SDAFF 2017: Bad Genius – A Testy Education Out of Control

Posted November 10th, 2017 by Dr. Craig D. Reid in Uncategorized

It’s crazy, at the festival’s November 9 official opening night screening of Oh Lucy! at the San Diego Natural History Museum, a film about what happens when a single, silently miserable, chain-smoking Japanese women who’s choking on mid-life crisis, decides to take a English class, I had flashbacks of my time in 1979 Taiwan teaching English. At the  November 10 opening film Bad Genius at the festival’s main venue, the UltraStar, a Thai film about high school students cheating on their SAT-like exams so they can attend university in America, I had an even bigger and more outrageous flashback.

Set in Thailand and Australia, and reportedly inspired by an SAT cheating scandal in China, Bad Genius is a story about the upright, coming from a low income family and straight-A student Lynn (newcomer Chutimon Chuengcharoensukying), who is trying to keep her father in money-survival mode, devises an exam-cheating scheme for her filthy rich friends whose parents want their kids to get into American universities.

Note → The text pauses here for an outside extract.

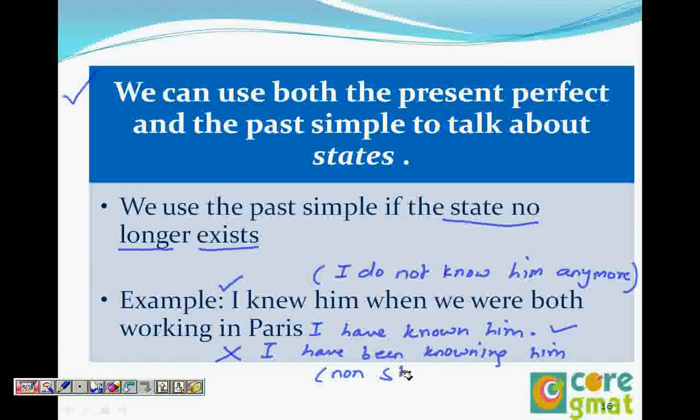So if you get a choice between 'I have known him' and 'I have been knowing him,' 'I have known him' is always the better choice.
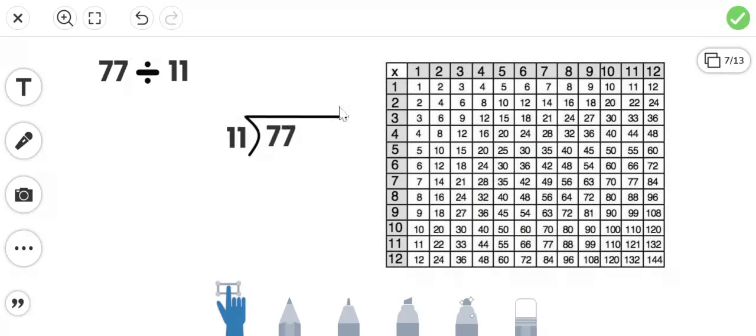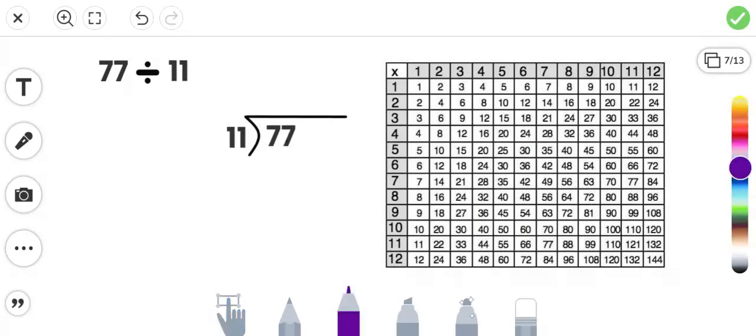All right. So what are we dividing by? We're dividing by 11. So on the times tables, we go to the row of the 11s and we find the multiple of 11s here.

Things go smoothly at first at the regular high school exam level until Lynn’s friend and fellow genius Bank, rats on her and the students she’s helping. She is forgiven but won’t be allowed to partake in any international scholarship competitions. Lynn and her father now wallow even deeper in financial ruin. Thus, when her same rich friends ask her to devise an exam scam so they can pass the STIC (SAT) exams, which are needed to get into American colleges, Lynn can’t leave well enough alone and she agrees to do it for two million baht ($63,000) and so long as Bank helps. He strangely agrees.

After you read this flashback and see the film…you’ll get it.

In 1981 Taiwan, when my wife and I were studying for our GRE exams, a requirement for entry into American graduates schools, the worst student in my English class stood up and boasted in heavy Chinese accented English, “I. Rice University. Accept me. PhD. Full scholarship.” After I asked in Chinese how did he do on his GREs, with Cheshire cat pride he said, “Ninety percentiles.”

How? He told me there’s a test prep center in Taipei called the bu she ban that charges US $5000.00 to join. The center hires people to take the exams in countries where the exams are given five hours before they begin in Taiwan. Right before the exam, the center holds a meeting to provide the test results to their clients. It’s cheating, ingenious, and just as warped as having an AA meeting in a brewery.

The name of the scam in the film, and this is no accident, was called you be come, which when you say bu shi ban in Chinese it sounds like one is saying the scam’s English name.

Weeks after we took the overtly expensive GREs, it was reported that at all GRE scores from tests taken in Taiwan between 1980-1981 would be null and void. What? During those years, Taiwan posted the highest GRE scores in the world, which raised the prospect of cheating. Seems that the study center screwed up the dreams of Chinese students wanting to attend grad school in America for at least two years.

Listening to many of the chattering Junior High school kids who attended the screen as part of a class field trip, most agreed that they would take the money and cheat too.

You might say getting an education is like a disease. It begins as an epidemic, slowly becomes pandemic, yet eventually it always becomes academic.